Instructions for the task: Your task is to output the listing exactly, leaving every image out.

Data provided:
◇ ◇ ◇ ◇ ◇

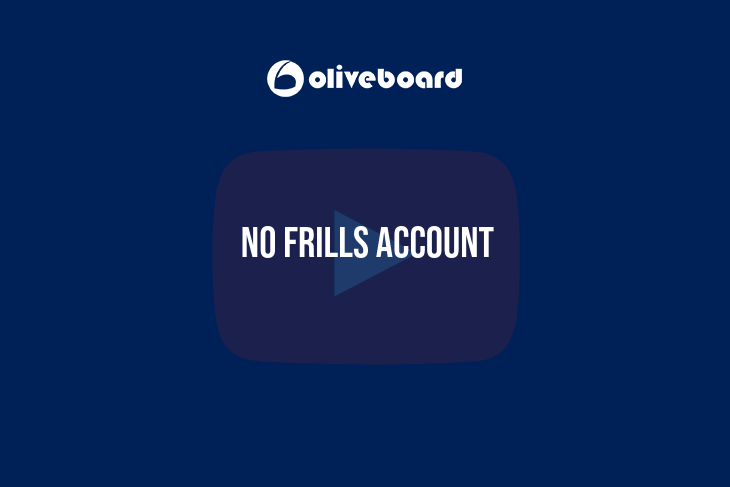 no frills account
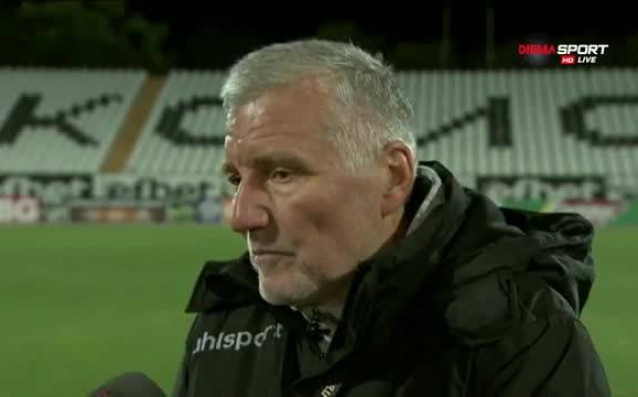 Наставникът на Локомотив Пловдив Воин Войнов разкри пред DIEMA SPORT че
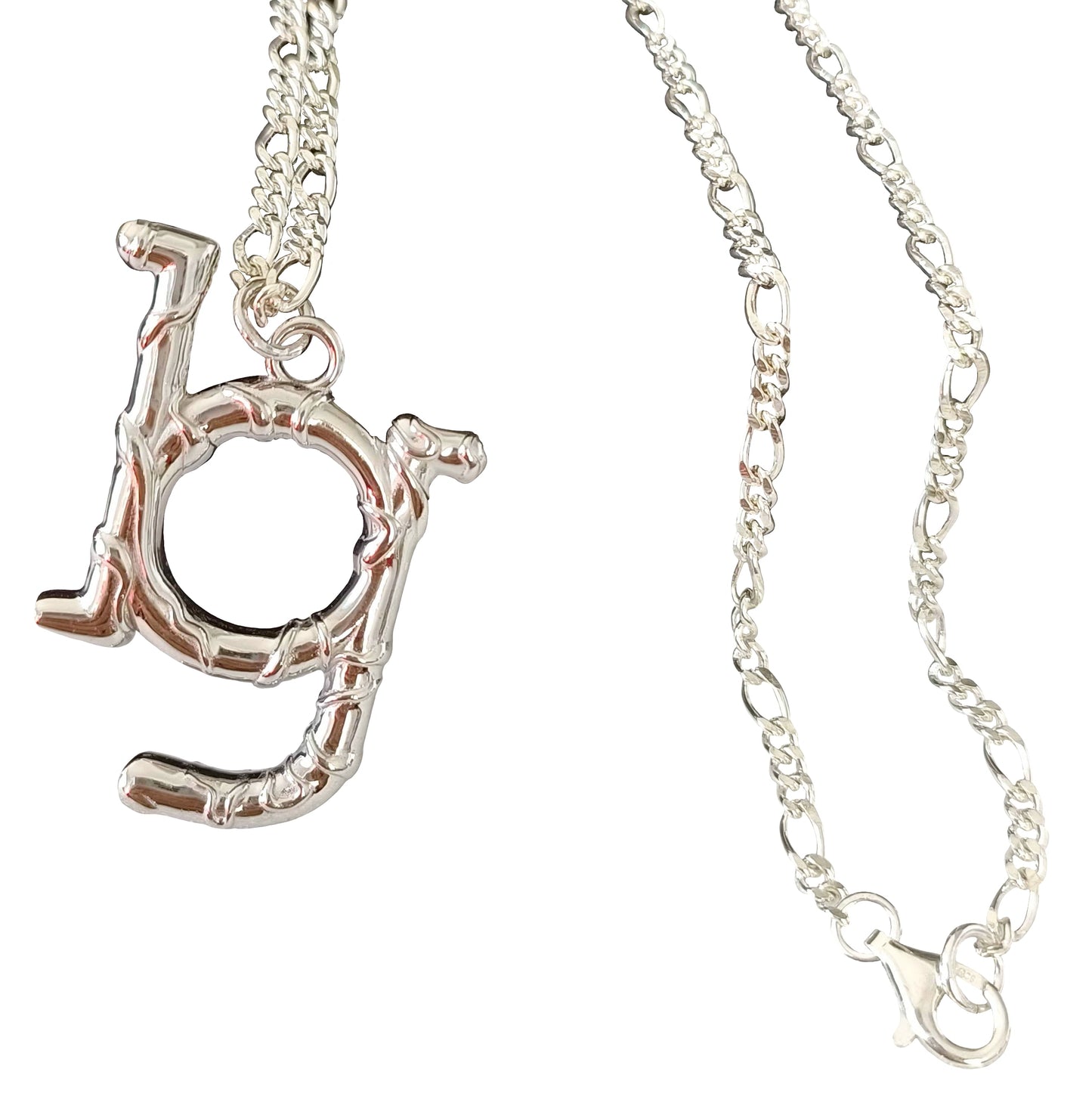 GBM Artifact Neck Lace Silver925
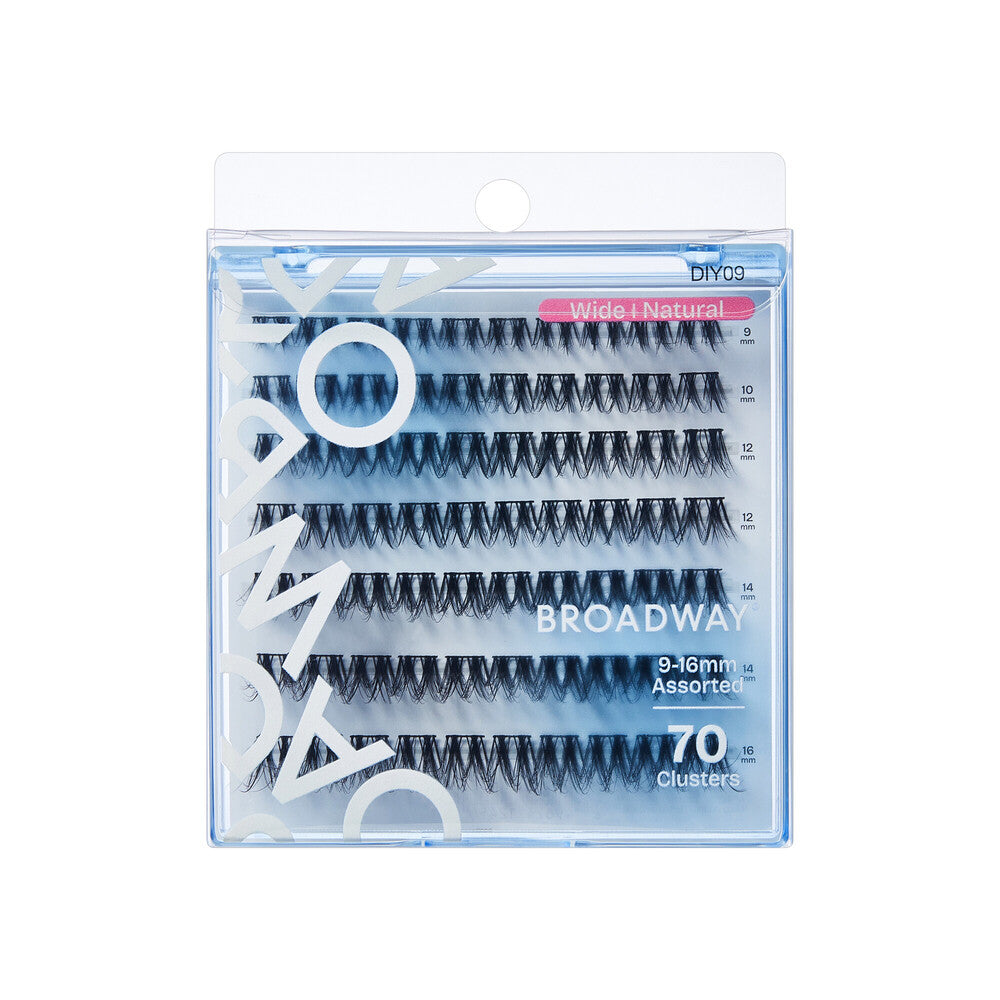 KISS Broadway Customizable DIY Individual Lash Extensions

◇ ◇ ◇ ◇ ◇

Exercise response:
 no frills account
 Наставникът на Локомотив Пловдив Воин Войнов разкри пред DIEMA SPORT че
 GBM Artifact Neck Lace Silver925
 KISS Broadway Customizable DIY Individual Lash Extensions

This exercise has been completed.